Blake Lively’s wardrobe and what’s “normal”
How “normal” is it for actors to have their say on set to change wardrobe, script, lighting, and other elements?
Dear Squawkers,
This newsletter started out as an answer to one of our mailbag questions last week and then it just got longer and longer so I’ve turned it into a newsletter. Much of it is about Blake Lively but we’re also talking here about wardrobe and production and some of my personal experiences from being on set.
Here’s the original question from Alice:
“How “normal” is it for actors to have their say on set and change something related to wardrobe, the script, lighting, marking, etc? After watching Blake Lively’s Forbes interview I’m genuinely curious is this is normal. Like, does Gwyneth come to set asking to change the pants she’s been assigned to wear? Is it normal to improv a scene if you’re Robert Pattinson?”

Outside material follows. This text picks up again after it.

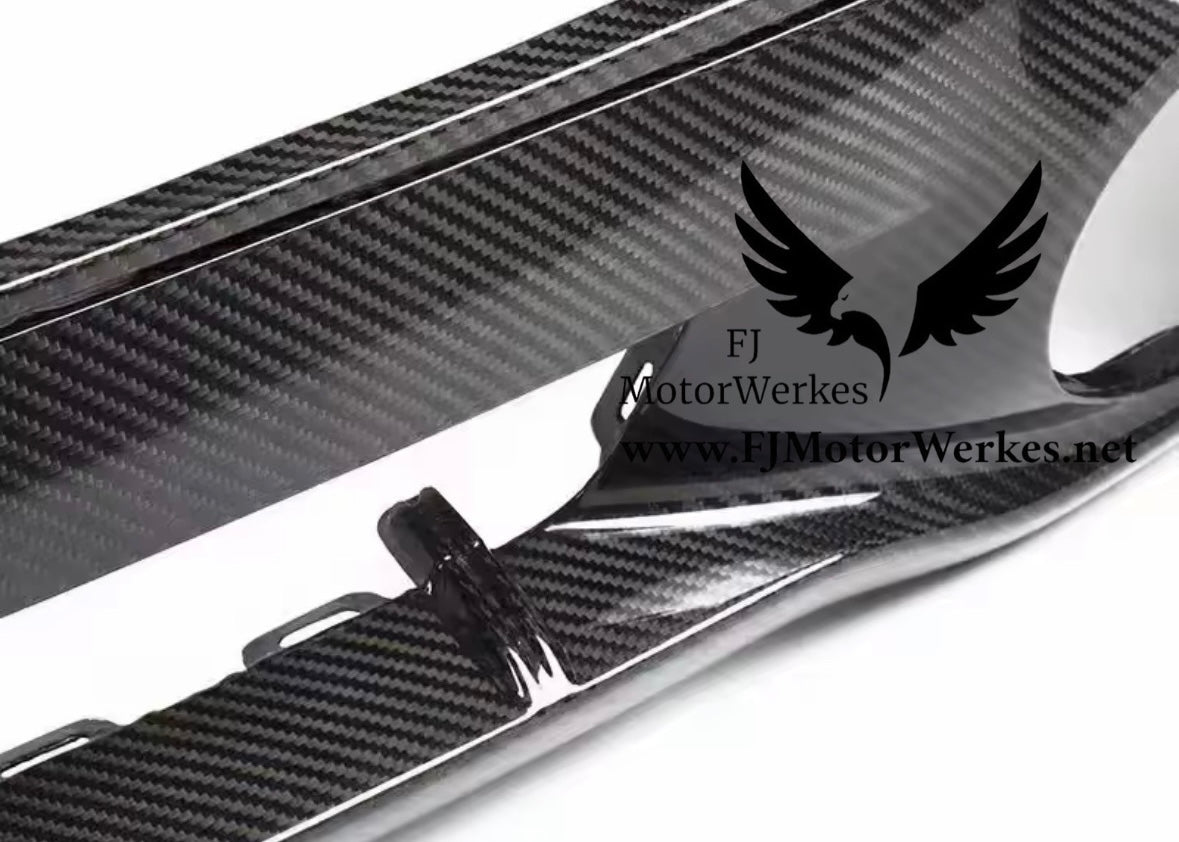 Porsche 911 (992) Carrera, Carrera S, Carrera 4, 4S, Targa & GTS Carbon Fibre OEM-Style Rear Diffuser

The ideal working relationship between an actor and the costume designer is collaborative. Costume designers and hair and makeup artists also study scripts, like everyone else involved with the project, because they’re working on how to present the characters. But unlike a set designer, for example, whose responsibility is to create a home or an office or school that would fit into a character’s life, etc, costume designers and hair and makeup artists’ work must fit ON the character’s body; their canvas is the actual body of the actor. Of course there has to be some cooperation. So you know what’s confusing to me about this wardrobe situation on It Ends With Us?

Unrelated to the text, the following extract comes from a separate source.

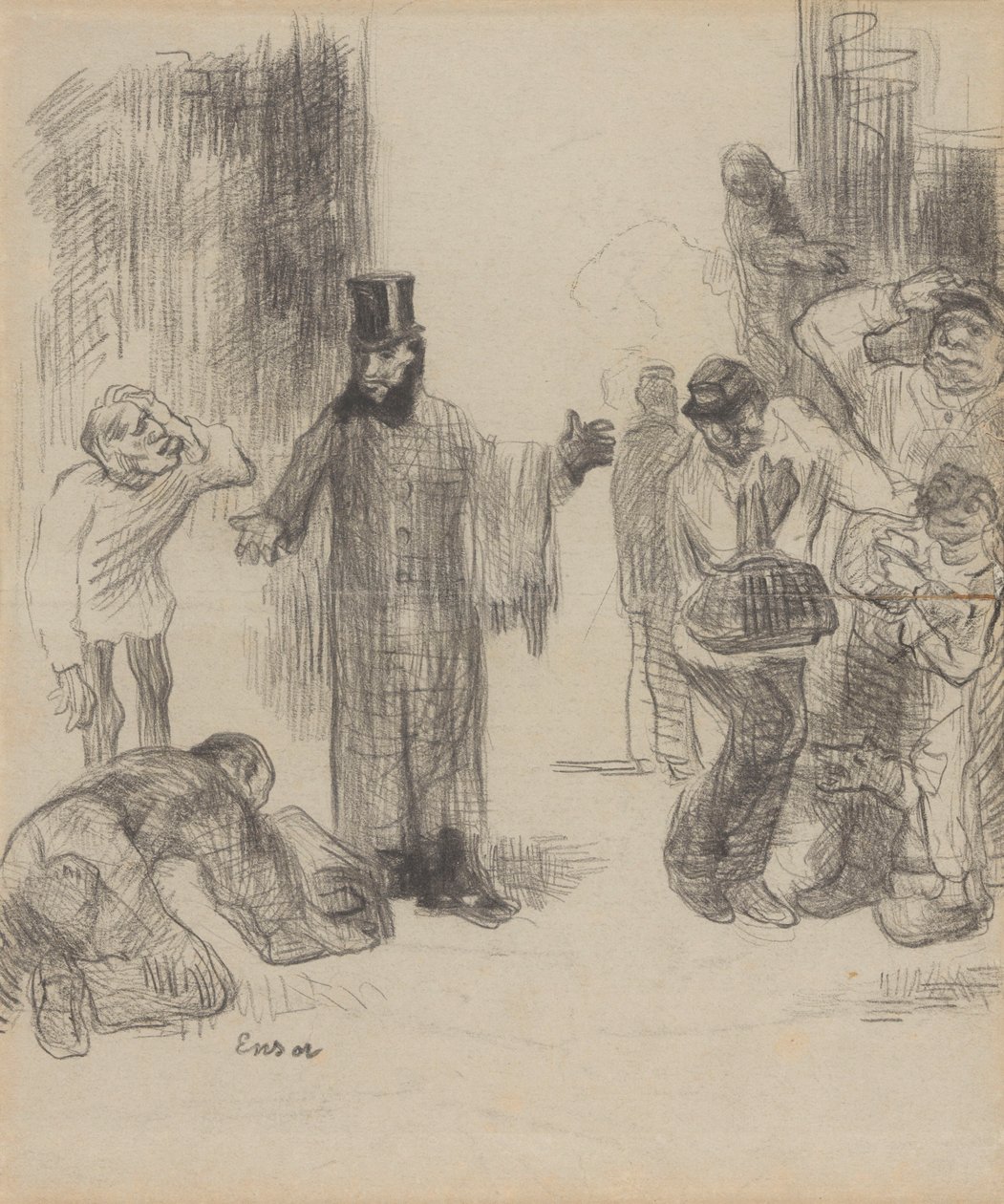 Paketbärarna av James Ensor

Eric Daman was the costumer designer on the film. He and Blake Lively have worked together before because he was also the costumer designer on Gossip Girl. According to Justin Baldoni, Blake “overstepped … boundaries, sidelining the production’s costume designer — a seasoned professional with a longstanding working relationship with [Blake].”

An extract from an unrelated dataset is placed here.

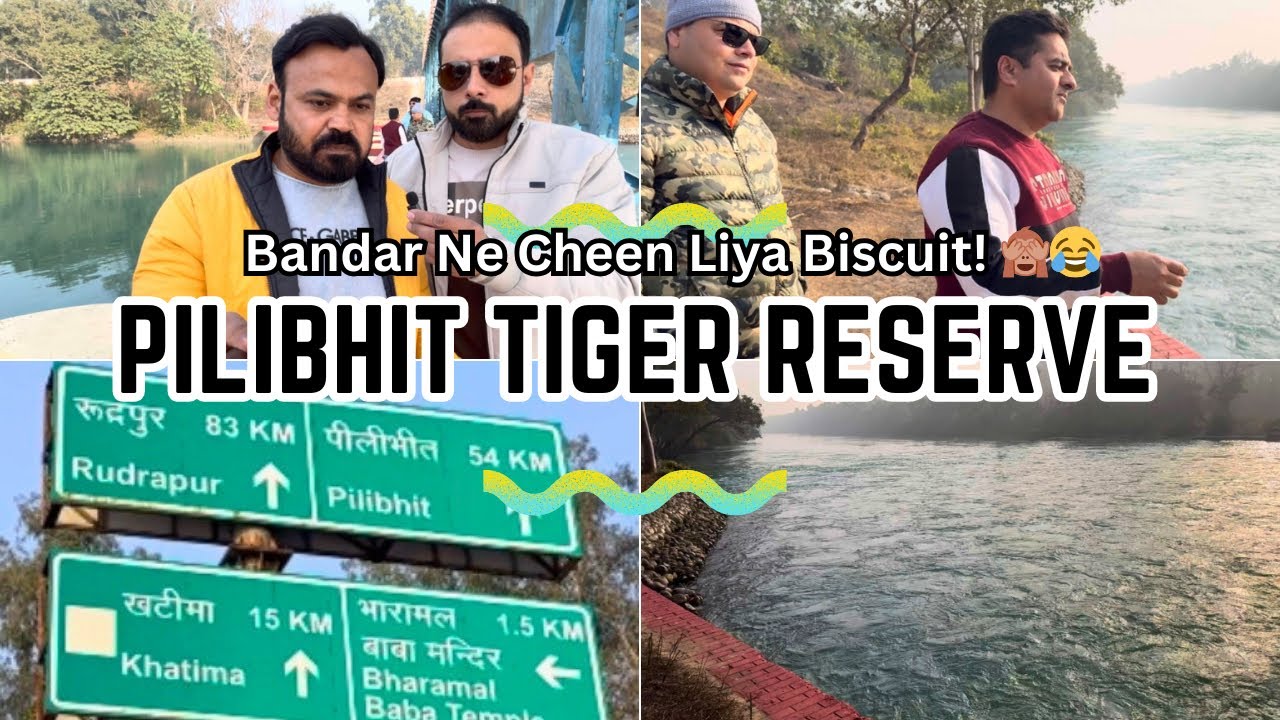Pilibhit Tiger Reserve Adventure Part 1 | Bandar Ne Cheen Liya Biscuit! 😂 |TeamOnWheels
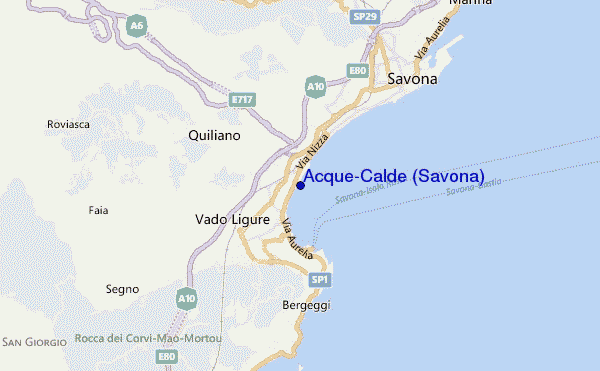 mappa di localizzazione di Acque-Calde (Savona)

Back in August, Eric Daman talked about Blake’s wardrobe for the film, telling PEOPLE that:
“[It Ends With Us] was really about coming back together for us. Blake would send me ideas. She wanted Lily to have a unique, very special kind of look. Because everyone is aware that it's Blake and I back together again after 10 years and we have a track record that we want to keep up. So it was important that there was a cool factor to this character.
And I think because there wasn't intense description in the book about how Lily dressed, it kind of opened up the field for us to play. We both came to the table with ideas of how that would be, and they were very similar. We had one initial fitting and then I think from that fitting, we wanted to tweak it and maybe add in a little bit more masculine vintage street, lean into the menswear vibe.”
So these are two people with a long history. They may have miscalculated (we’ll come back to that in a minute) on what they ended up creating in terms of the character’s wardrobe, but for me this doesn’t totally line up with the narrative that Justin’s laid out in his claim. Like when he says that Blake would bombard the costume designer all night with ideas and photos, and that it was intrusive and “overstepping”, does this take into account that these two had an established shorthand from a years-long series on television with over 100 episodes and that if they were already close, and friends, it may not have been that offside?